Would you please copy only the lines from the line that contains "Close-up of a" to the end of the data below, exactly, leaving every picture out?

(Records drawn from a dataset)
════════════════════

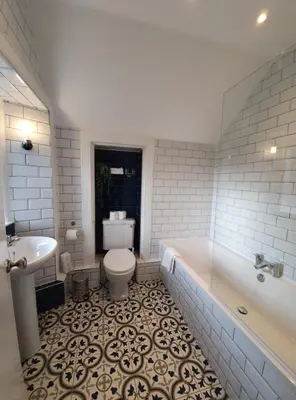 a bathroom with a tub and a toilet and a sink at Achray House Restaurant with Rooms in Saint Fillans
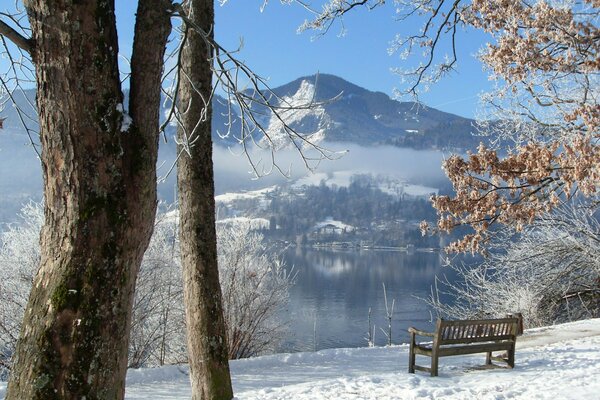 A snow-covered lonely shop near the lake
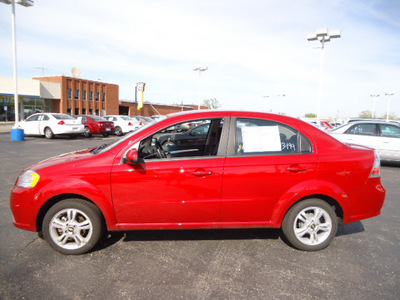 chevrolet aveo 2011 red sedan lt gasoline 4 cylinders front wheel drive automatic 60007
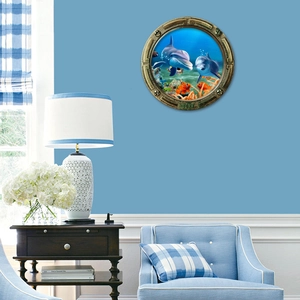 Close-up of a 3D ocean porthole wall sticker showing dolphins and coral reef on a blue wall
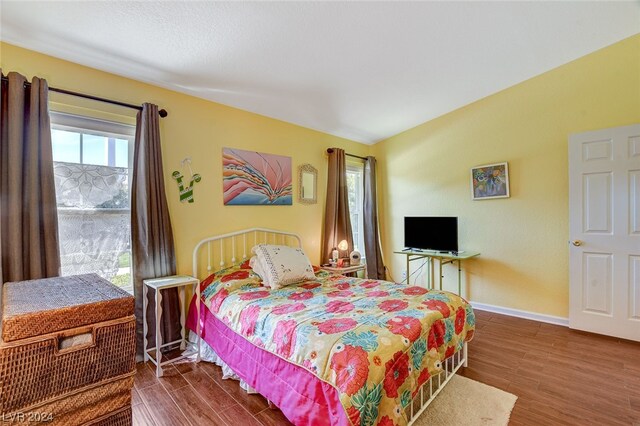 bedroom featuring dark hardwood / wood-style flooring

════════════════════

- Answer to the problem:
 Close-up of a 3D ocean porthole wall sticker showing dolphins and coral reef on a blue wall
 bedroom featuring dark hardwood / wood-style flooring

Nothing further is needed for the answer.